BEGIN
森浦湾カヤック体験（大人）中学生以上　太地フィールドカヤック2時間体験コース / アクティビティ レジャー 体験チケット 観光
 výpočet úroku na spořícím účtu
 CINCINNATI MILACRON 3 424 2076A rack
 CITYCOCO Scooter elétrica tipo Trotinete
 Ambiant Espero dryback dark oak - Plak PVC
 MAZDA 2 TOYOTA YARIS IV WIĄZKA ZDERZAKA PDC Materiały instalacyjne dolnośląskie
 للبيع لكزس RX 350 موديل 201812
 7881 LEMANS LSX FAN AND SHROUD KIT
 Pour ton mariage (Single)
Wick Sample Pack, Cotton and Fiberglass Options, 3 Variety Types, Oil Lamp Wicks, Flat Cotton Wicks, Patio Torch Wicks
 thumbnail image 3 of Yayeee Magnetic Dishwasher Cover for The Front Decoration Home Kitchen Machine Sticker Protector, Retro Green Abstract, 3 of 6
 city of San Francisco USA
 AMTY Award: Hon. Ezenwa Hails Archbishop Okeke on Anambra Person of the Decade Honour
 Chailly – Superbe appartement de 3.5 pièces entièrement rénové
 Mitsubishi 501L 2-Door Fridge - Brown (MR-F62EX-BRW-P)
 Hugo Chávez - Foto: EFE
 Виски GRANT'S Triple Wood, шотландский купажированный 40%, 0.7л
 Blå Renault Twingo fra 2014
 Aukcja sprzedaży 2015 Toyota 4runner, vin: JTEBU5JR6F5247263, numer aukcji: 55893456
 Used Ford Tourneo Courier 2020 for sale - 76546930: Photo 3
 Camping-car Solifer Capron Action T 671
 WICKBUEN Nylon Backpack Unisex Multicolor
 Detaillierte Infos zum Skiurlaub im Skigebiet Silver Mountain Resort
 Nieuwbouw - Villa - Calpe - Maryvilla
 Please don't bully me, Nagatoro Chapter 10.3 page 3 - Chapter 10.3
END
**Task to complete:** The response should repeat the whole listing exactly.

**Answer area:**
森浦湾カヤック体験（大人）中学生以上　太地フィールドカヤック2時間体験コース / アクティビティ レジャー 体験チケット 観光
 výpočet úroku na spořícím účtu
 CINCINNATI MILACRON 3 424 2076A rack
 CITYCOCO Scooter elétrica tipo Trotinete
 Ambiant Espero dryback dark oak - Plak PVC
 MAZDA 2 TOYOTA YARIS IV WIĄZKA ZDERZAKA PDC Materiały instalacyjne dolnośląskie
 للبيع لكزس RX 350 موديل 201812
 7881 LEMANS LSX FAN AND SHROUD KIT
 Pour ton mariage (Single)
Wick Sample Pack, Cotton and Fiberglass Options, 3 Variety Types, Oil Lamp Wicks, Flat Cotton Wicks, Patio Torch Wicks
 thumbnail image 3 of Yayeee Magnetic Dishwasher Cover for The Front Decoration Home Kitchen Machine Sticker Protector, Retro Green Abstract, 3 of 6
 city of San Francisco USA
 AMTY Award: Hon. Ezenwa Hails Archbishop Okeke on Anambra Person of the Decade Honour
 Chailly – Superbe appartement de 3.5 pièces entièrement rénové
 Mitsubishi 501L 2-Door Fridge - Brown (MR-F62EX-BRW-P)
 Hugo Chávez - Foto: EFE
 Виски GRANT'S Triple Wood, шотландский купажированный 40%, 0.7л
 Blå Renault Twingo fra 2014
 Aukcja sprzedaży 2015 Toyota 4runner, vin: JTEBU5JR6F5247263, numer aukcji: 55893456
 Used Ford Tourneo Courier 2020 for sale - 76546930: Photo 3
 Camping-car Solifer Capron Action T 671
 WICKBUEN Nylon Backpack Unisex Multicolor
 Detaillierte Infos zum Skiurlaub im Skigebiet Silver Mountain Resort
 Nieuwbouw - Villa - Calpe - Maryvilla
 Please don't bully me, Nagatoro Chapter 10.3 page 3 - Chapter 10.3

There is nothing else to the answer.